Segment Start: RECORDS SHOWN
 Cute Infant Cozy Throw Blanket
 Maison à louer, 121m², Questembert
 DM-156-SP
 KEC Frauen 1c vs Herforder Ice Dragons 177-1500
Segment End: RECORDS SHOWN
Segment Start: RECORDS SHOWN
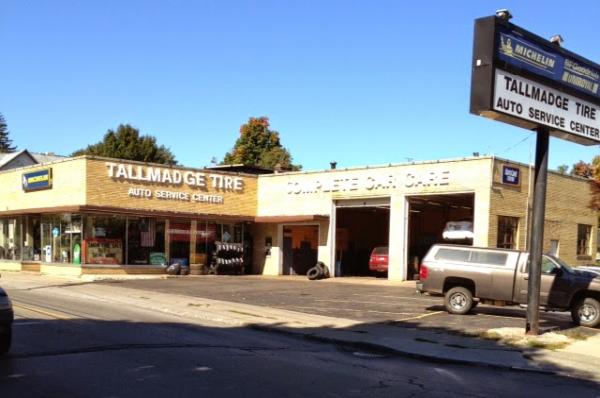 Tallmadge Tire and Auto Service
Segment End: RECORDS SHOWN
Segment Start: RECORDS SHOWN
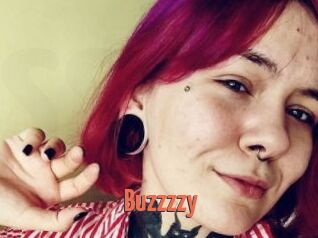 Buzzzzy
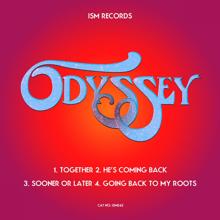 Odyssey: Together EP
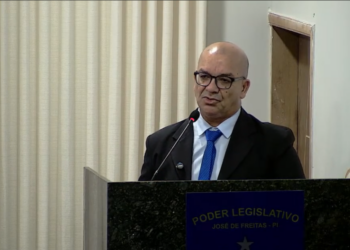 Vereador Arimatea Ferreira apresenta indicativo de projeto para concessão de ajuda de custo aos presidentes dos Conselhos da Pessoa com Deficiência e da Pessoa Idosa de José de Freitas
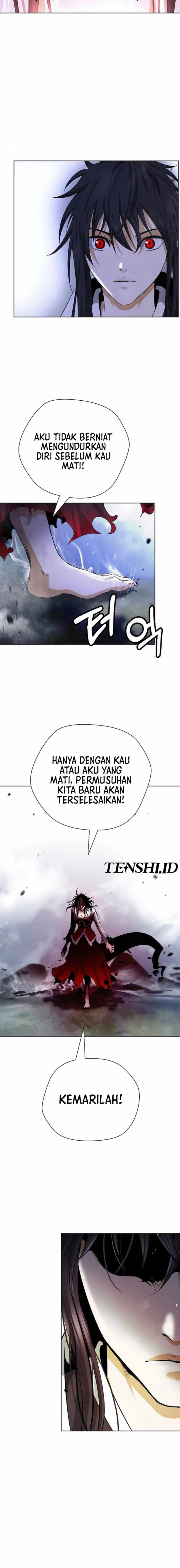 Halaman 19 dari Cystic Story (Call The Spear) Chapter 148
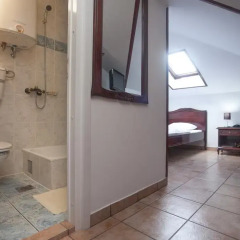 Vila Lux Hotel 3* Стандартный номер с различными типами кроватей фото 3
Segment End: RECORDS SHOWN
WORK REQUEST: Looking back over the data above, restate word for word the lines that begin at the line with "Cute Infant Cozy Throw Blanket" and end at the line with "KEC Frauen 1c", inclusive.

WRITTEN ANSWER:
 Cute Infant Cozy Throw Blanket
 Maison à louer, 121m², Questembert
 DM-156-SP
 KEC Frauen 1c vs Herforder Ice Dragons 177-1500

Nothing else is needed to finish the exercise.